My worst incident, and the one that got Dr. Sacks' attention, was when I was hauled out of the offices of Condé Nast, the publisher of Vogue. I had taken an interest in the magazine's editor in chief, Anna Wintour, reading accounts of her life in Women's Wear Daily and other trade magazines. For the non-memory afflicted, this fascination would have been harmless. But I am told I showed up at 4 Times Square emaciated, wearing a page-boyish wig, dark red lipstick (not my shade), sunglasses and was ordering the staff around. When they wouldn't let me past security, I muttered between clenched teeth, "Do you know who I am? How dare you! Call Si immediately!" Instead they called the police. All may have been smoothed over, but in my confusion, I began to loudly mimic the cops in their own New Jersey accents and they swiftly arrested me, not for disturbing the peace, but for impersonating an officer. That made the nightly news and the rest is history.

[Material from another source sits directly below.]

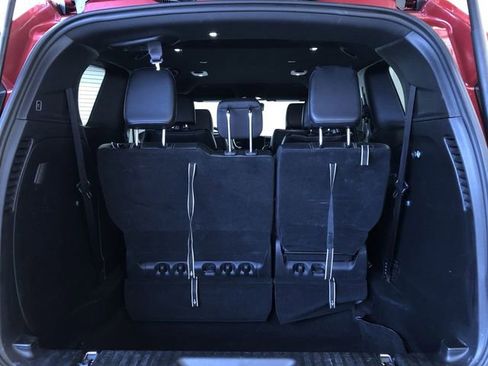 Used 2025 Chrysler Pacifica Select image 31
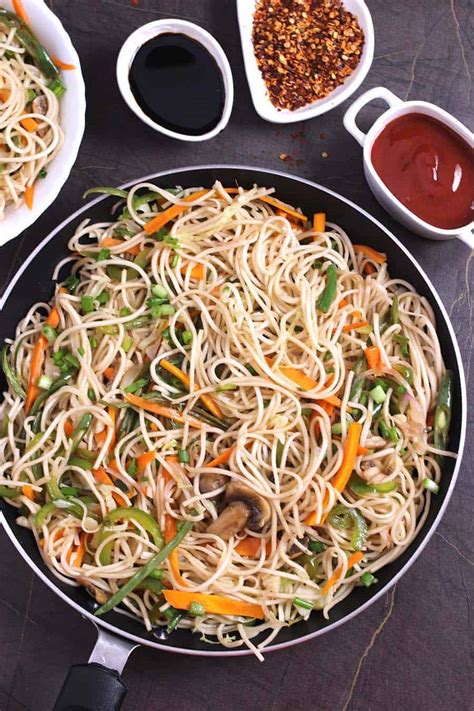 Vegetable Hakka Noodles | How to make Veg Noodles - Cook with Kushi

With my doctor's help, I have learned to identify the triggers of my particular memory malfunction. Since close knowledge of another person's life is one such trigger, I now keep a good distance from most people and avoid reading biographies, autobiographies or even long news stories.
However, today, I pored over the many news items detailing Kaavya Viswanathan's life story and apparent fall from grace. At great risk of becoming Kaavya and accidentally plagiarizing from my writer friends, I feel an urgent need to tell Kaavya that she is not alone. Kaavya, my advice to you is stop reading. No more text books, no white papers, no magazine articles and especially no fiction. You can't risk that tricky photographic memory of yours wreaking more havoc on your undeniable writing talents. See Sacks. He may be able to help. And finally, let this be your mantra, as it is now mine: While memory serves, it doesn't always serve you.